Some time ago we started giving Dave a
small weekly allowance. We don’t actually give him the cash; instead, he
accrues a certain amount each week in the Bank of Dad. That means that
when David asks how much money he has, I check the record in my PDA and
see how many weeks it’s been since I last paid anything into his account.
Then I add the resulting amount to his balance and tell him how much he’s
got.

Now, for quite some time David has been agitating for a Bionicle. (It’s
a kind of Lego toy.) For quite some time we’ve been telling him that
if he saves his allowance he can buy that kind of thing for himself; in
the meantime Christmas is coming.

This afternoon he said, “Dad, when it’s my birthday I want you to take
my seven dollars and buy me a Green Bionicle.” I said, “Dave, you’re
a little confused. If I buy you a Green Bionicle for your birthday,
I’ll be spending my money, not yours. And if you have seven dollars
(or whatever a Green Bionicle costs), then you don’t have to wait until
your birthday.”

So naturally he said, “Dad, can we go to Toys’R’Us today?”

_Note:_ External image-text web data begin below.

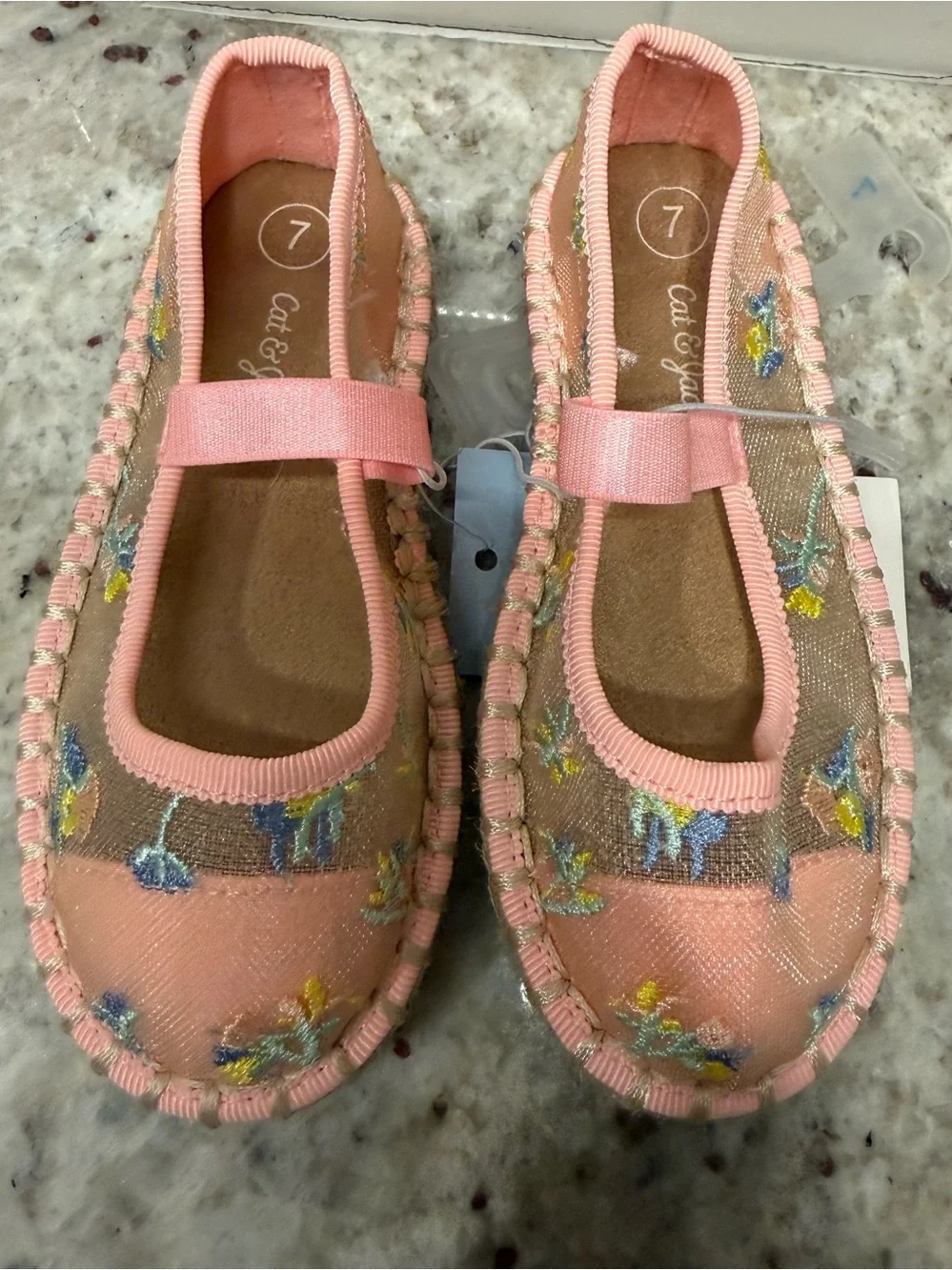 Cat & Jack Peach Pink Floral Mary Jane Slip-On Shoes Size 7 NWT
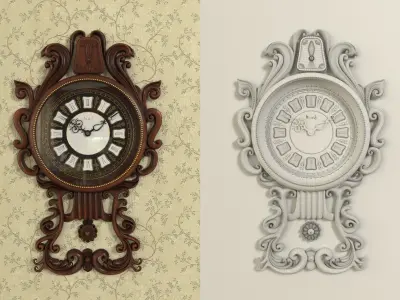 Clock antique wall 3D model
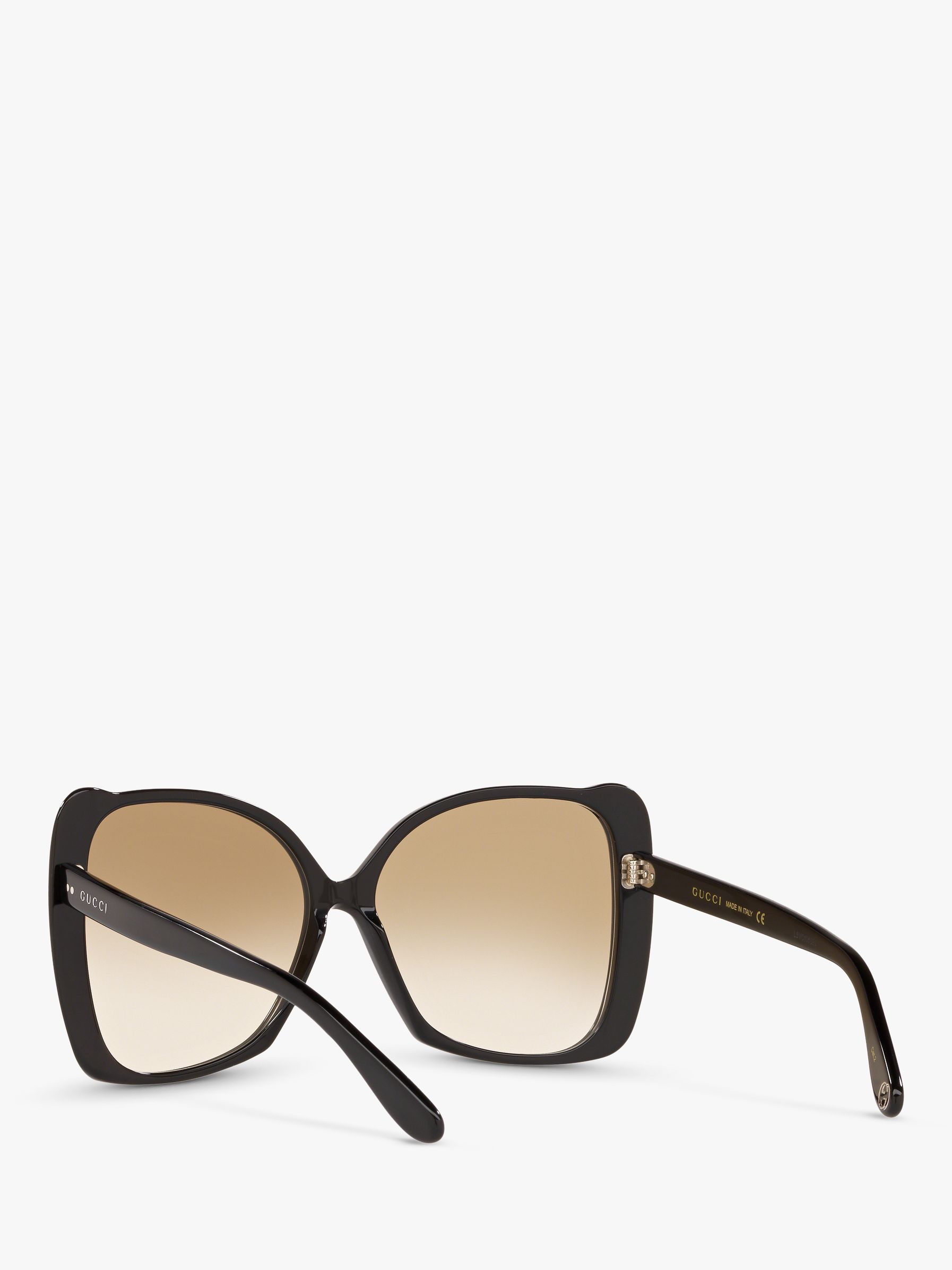 Gucci GG0471S Women's Butterfly Sunglasses, Black at John Lewis & Partners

I checked, and indeed his account in the Bank of Dad was well over
seven dollars, and so there I was, stuck, the victim of my own
teaching. And so we did. It wasn’t what I had planned to do with
my early Sunday evening, but on the whole I think it worked out rather
well.

And so did the Green Bionicle. Dave put it together all by himself,
following the instructions, and it’s really rather cute.

Soccer Update

My five-year-old has been playing AYSO soccer this
season, as I believe I’ve mentioned before. It’s been something of a
trial for me, as the games are scheduled on Saturday, and usually
Saturday morning.

Now, Saturday morning is my chief project time. I can get a lot done on
personal projects in the evenings, but Saturday is the only time when I
can tackle larger things–when I have several hours together and have the
gumption to focus on something difficult for that length of time. Having
a soccer game take (effectively) a two-hour bite out of that time has
brought my productivity to a screeching halt.

Today, however, the soccer game isn’t scheduled until 1:30 this
afternoon, so I have the morning to myself. Well, mostly to myself; Dave
is sitting on the other side of my desk playing with Legos and
occasionally making staccato “Twang, Twang” noises (I think he’s shooting
something–best not to ask). It’s looking like a good morning.

More Kvetching

The dearth of book reviews early in the month isn’t helped by the
fact that my current book is a slow, thick one: a biography of Sir
Richard Francis Burton. Burton was a 19th Century soldier and
adventurer; he’s best known these days for his pilgramage to Mecca (he
was one of the first Europeans to go there), and for his translation of
the 1,001 Arabian Nights (the original translation, and still the raciest,
I’m given to understand). More about him when I’ve finished the book.

Good Eats Watch

There’s exactly one TV show that Jane and I make
it a point to catch every week: Good Eats. It’s a cooking show on the
Food Network, and it’s funny. The chef, Alton Brown, is a regular kind
of guy; he wears hornrim glasses and he’s got bad hair and he usually
wears Hawaiian shirts–or sometimes bowling shirts. The show is filmed
inside of a house the purports to be his (nice Craftsman-style kitchen),
and it’s all about cooking well–not just how to prepare a particular
dish, but the secrets, the gotchas, and why it all works the way it does.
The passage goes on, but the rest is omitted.